When I spotted the headline in the news rack, I had one of those you’ve-got-to-be-kidding moments, or as the kids are fond of texting: OMG.

“Gibbs: Auction Atwood Lodge, don’t demolish it.”

U.S. Rep. Bob Gibbs is a Johnny-come-lately to the intense debate over the future of Atwood Lake Lodge and Conference Center.

When we last visited the subject a couple of weeks ago, the Muskingum Watershed Conservancy District board of trustees had just voted 3 to 2 to raze the structure, which was built in 1965 and which has been a traditional money-loser.
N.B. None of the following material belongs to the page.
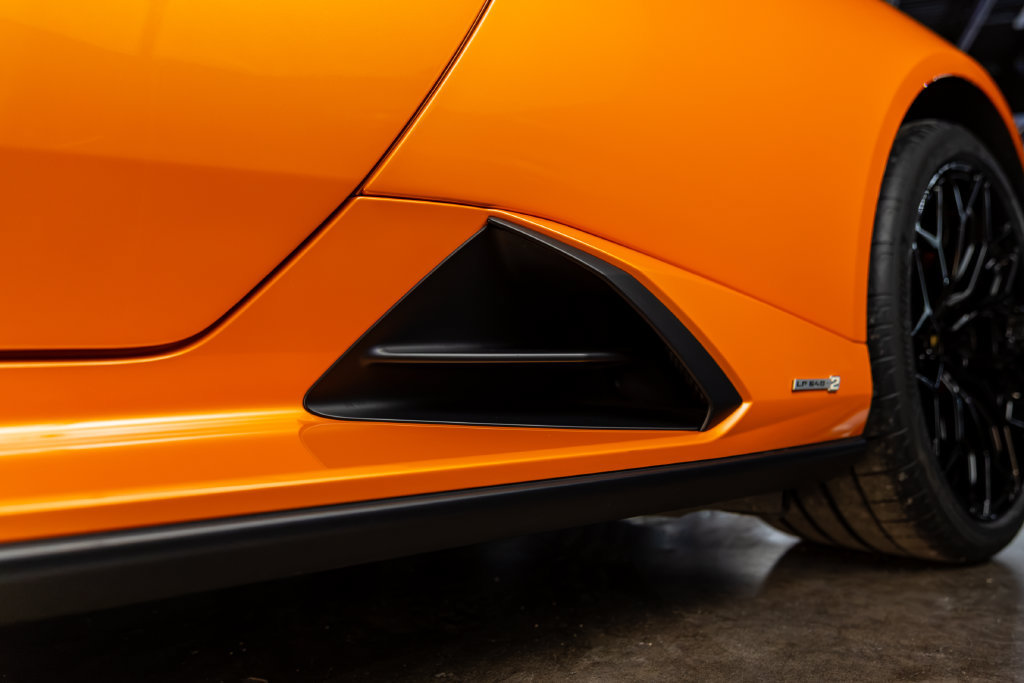 Used 2023 Lamborghini Huracan Tecnica RWD image 21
The 104-room resort, now dated and in need of a massive makeover, has a 30 percent occupancy rate – horrible – and loses about $1 million a year.

The lodge has been for sale for more than a year, and the MWCD entertained and investigated a variety of proposals, none of which have panned out.

So, how does one go about auctioning off a lodge sitting on conservancy property, which is in need, according to the EPA, of a new water treatment system that would cost between $3 million and $4 million?

I’m assuming Gibbs wants his winning bidder to maintain the lodge as a lodge and not turn it into a warehouse, brothel, strip club or whatever. So, after the MWCD would spend hours writing prohibitions into the auction terms, including a clause that would hold the district harmless from incurred debt, we’d be back to Square One: the business model.

The issue has never been about the MWCD’s asking price. It’s always been about the business model. If Intercontinental Hotel Group or Hilton Worldwide offered to take over the lodge, improve it and cover all future incurred debt, I’m sure the MWCD would turn over the property for a nominal amount of money, say $1 a year, for the life of a lease.

But the fact remains that the culture has evolved. Families’ vacation preferences have changed. Businesses are holding far fewer off-site conferences at venues such as Atwood in the wake of the recession and the preferred destination for visitors to this part of the state has moved west to Amish Country.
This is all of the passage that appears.